--- Assigned task ---
Down to the last line below, repeat the entries word for word and drop the pictures.

Recorded data:
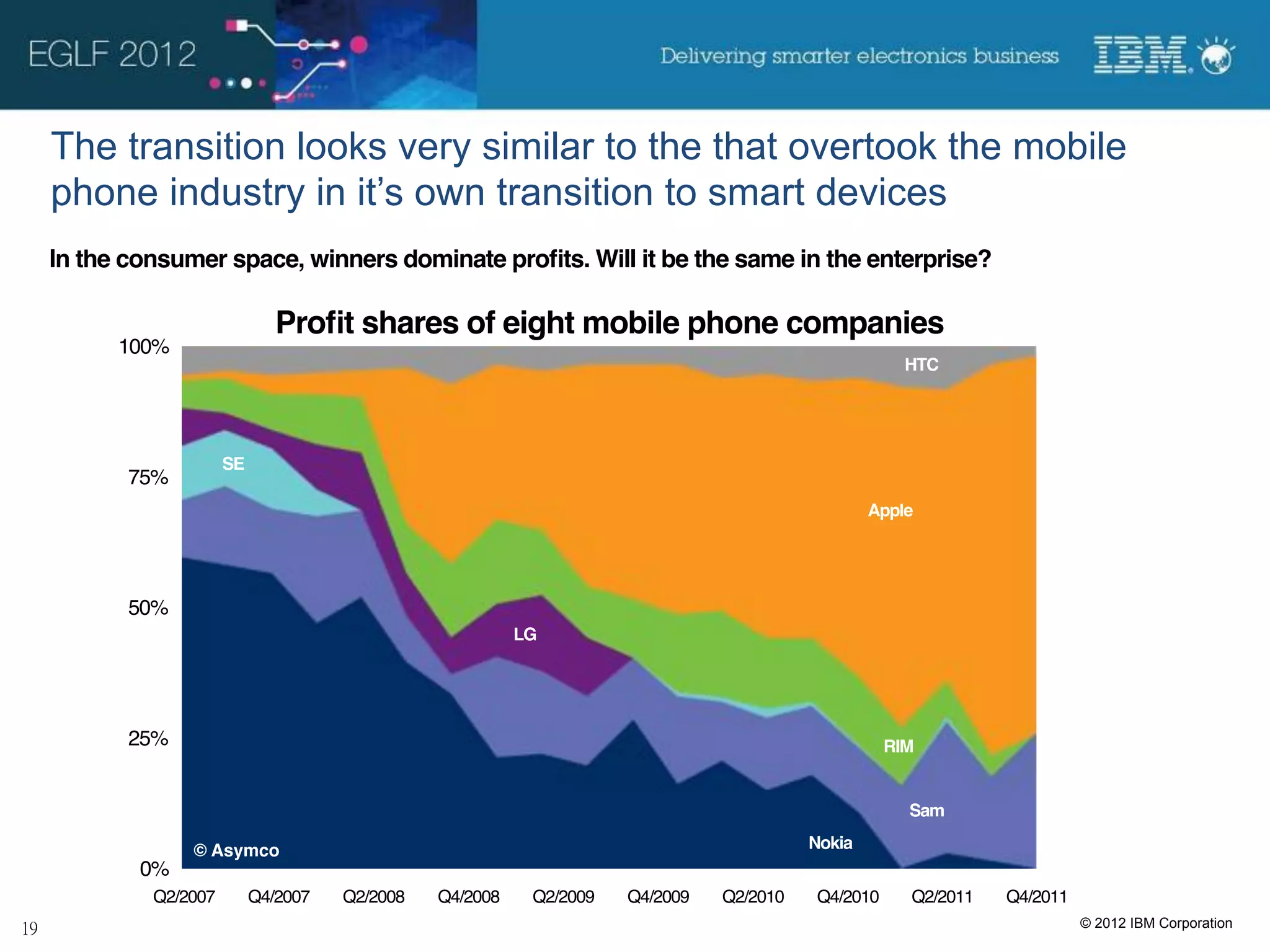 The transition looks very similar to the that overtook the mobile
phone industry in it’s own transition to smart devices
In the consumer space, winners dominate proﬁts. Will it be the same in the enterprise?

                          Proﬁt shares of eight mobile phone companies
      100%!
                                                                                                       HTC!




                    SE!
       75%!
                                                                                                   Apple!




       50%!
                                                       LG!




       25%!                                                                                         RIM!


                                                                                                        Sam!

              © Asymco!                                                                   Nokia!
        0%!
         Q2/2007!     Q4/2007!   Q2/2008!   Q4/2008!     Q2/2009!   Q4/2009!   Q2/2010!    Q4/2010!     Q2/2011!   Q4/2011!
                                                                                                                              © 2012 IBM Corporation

--- Expected output ---
 The transition looks very similar to the that overtook the mobile
phone industry in it’s own transition to smart devices
In the consumer space, winners dominate proﬁts. Will it be the same in the enterprise?

                          Proﬁt shares of eight mobile phone companies
      100%!
                                                                                                       HTC!




                    SE!
       75%!
                                                                                                   Apple!




       50%!
                                                       LG!




       25%!                                                                                         RIM!


                                                                                                        Sam!

              © Asymco!                                                                   Nokia!
        0%!
         Q2/2007!     Q4/2007!   Q2/2008!   Q4/2008!     Q2/2009!   Q4/2009!   Q2/2010!    Q4/2010!     Q2/2011!   Q4/2011!
                                                                                                                              © 2012 IBM Corporation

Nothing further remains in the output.